» **WHAT YOU NEED TO DO**
The full listing, exactly as written and with no images, is the expected output.

» **SOURCE MATERIAL**
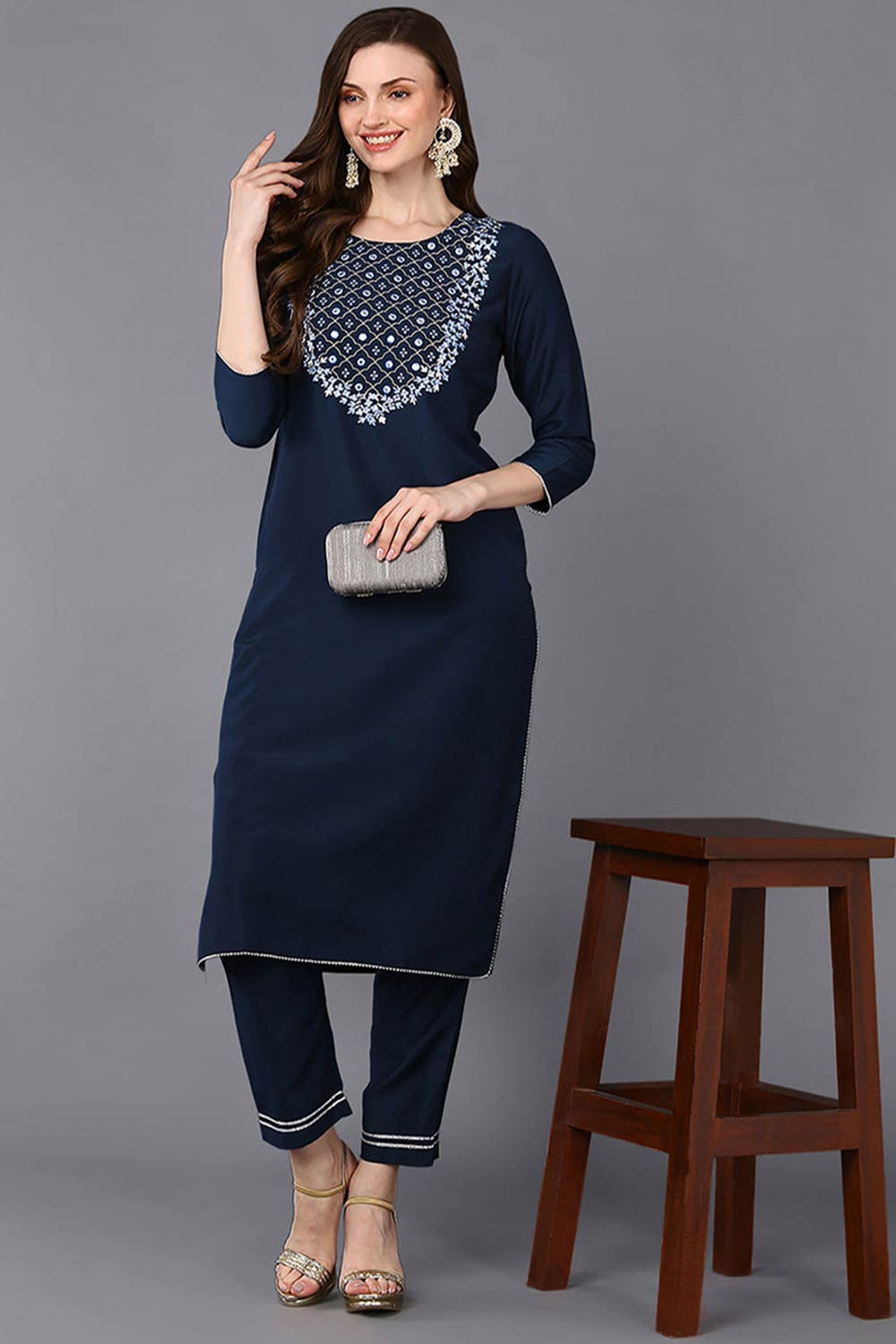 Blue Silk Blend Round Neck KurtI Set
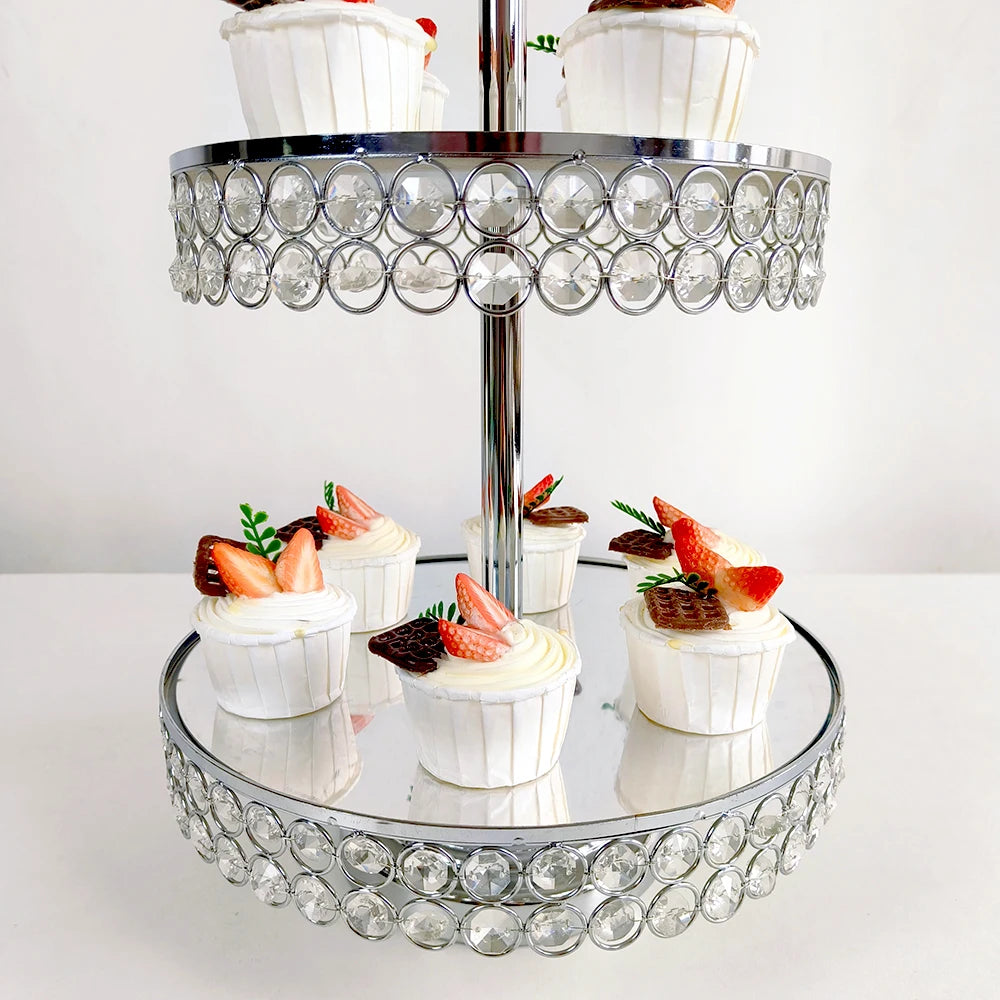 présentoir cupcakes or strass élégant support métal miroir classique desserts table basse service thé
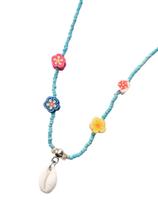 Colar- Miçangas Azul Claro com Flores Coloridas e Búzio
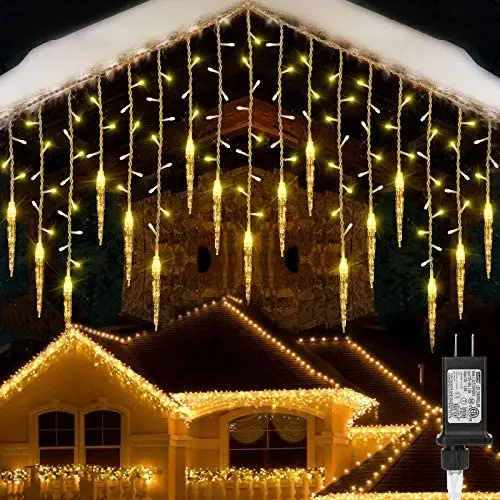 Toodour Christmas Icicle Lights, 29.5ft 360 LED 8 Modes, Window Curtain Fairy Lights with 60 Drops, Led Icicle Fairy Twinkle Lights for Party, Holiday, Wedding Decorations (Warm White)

» **WORKED SOLUTION**
 Blue Silk Blend Round Neck KurtI Set
 présentoir cupcakes or strass élégant support métal miroir classique desserts table basse service thé
 Colar- Miçangas Azul Claro com Flores Coloridas e Búzio
 Toodour Christmas Icicle Lights, 29.5ft 360 LED 8 Modes, Window Curtain Fairy Lights with 60 Drops, Led Icicle Fairy Twinkle Lights for Party, Holiday, Wedding Decorations (Warm White)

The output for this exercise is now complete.